Some in the Reagan administration who want to stand pat on the admittedly one-sided US proposal argue that the Soviets will not negotiate seriously until late 1983 or early 1984 when the Pershing II and the ground-launched cruise missiles are actually being deployed. This argument is specious.
At present, and until the new missiles are deployed, the American bargaining position is strong. The US negotiator can threaten to deploy or agree not to deploy these weapons. The negotiator has a usable bargaining card. Once the missiles are deployed, their bargaining value drops sharply not because the Soviets would not pay a price for their removal, but because the US would be unwilling to give them up. The MIRV experience would be repeated - a short-term gain while the US has monopoly of the weapons but a worsening of US security in the somewhat longer run when the Soviets acquire the weapons.
The principal Western objective in these negotiations would be met if the Soviets agreed to make substantial reductions in their land-based missile force targeted on Western Europe. In return, the West, while not reducing any of its weapons, could offer to:
* Cancel the deployment of the Pershing II and ground-launched cruise missiles if the Soviets dismantle missiles carrying an equivalent number of warheads;
* Take account in the resulting balance of all missiles regardless of nationality (British and French, and American missiles assigned to the NATO commander) and whether launched from the land or sea;
* In an interim agreement freeze the most threatening aircraft - the F-111 and the Backfire bomber - and constrain other aircraft with a noncircumvention formula that sidesteps the potential problem of East-West data discrepancies on aircraft.
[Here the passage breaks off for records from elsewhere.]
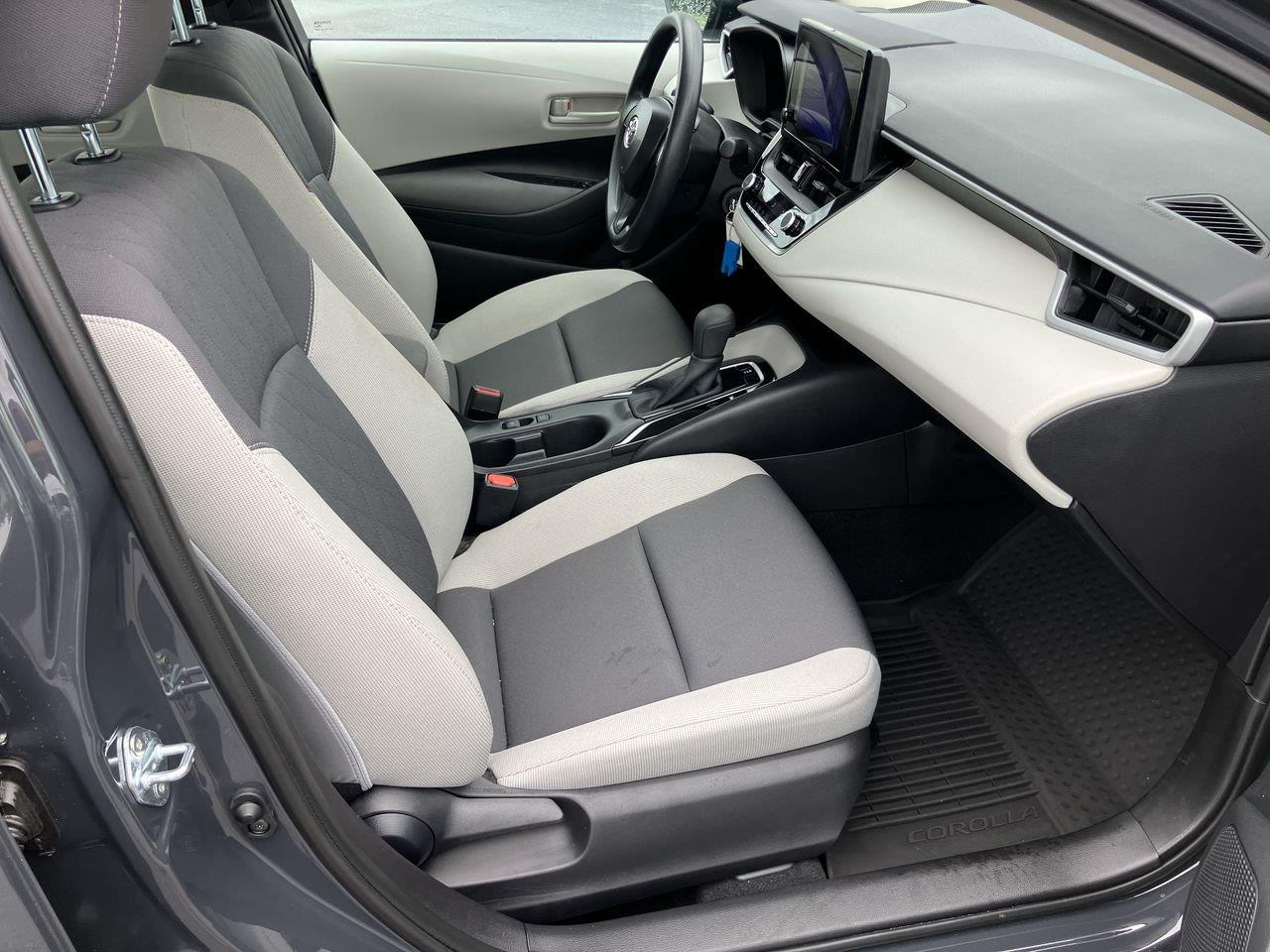 Used 2026 Toyota Corolla Sedan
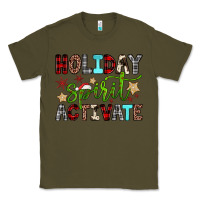 Army Green holiday spirit activate Classic Tee - JahusDesignShop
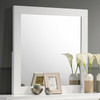Caraway Dresser Mirror White / CS-224774
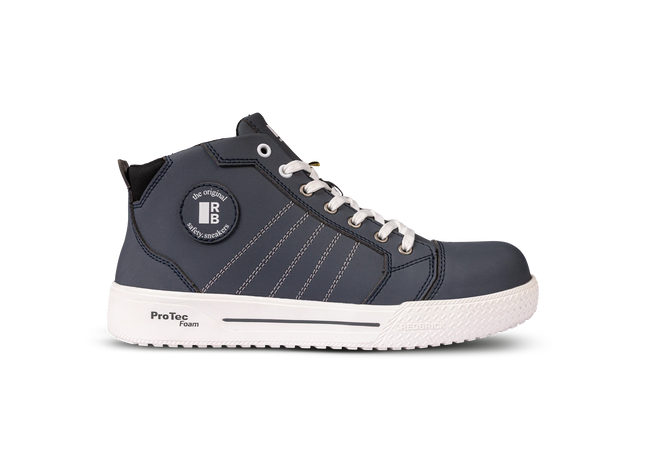 Redbrick Kick High S3S - Blauw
Britain and France are not parties to the Geneva negotiations and their forces should not be limited by a US-Soviet agreement. But they do share responsibility for the defense of Western Europe and for the deterrence of the Soviet Union and therefore their forces should be taken into account in calculating the balance.
The US should discuss this proposal with the United Kingdom and France and with other allies who are becoming anxious about the lack of progress in Geneva.
This proposal could break the deadlock in Geneva, result in significant Soviet reductions, take account of allied nuclear forces while imposing no limits on them, and reduce the risk of nuclear war in Europe.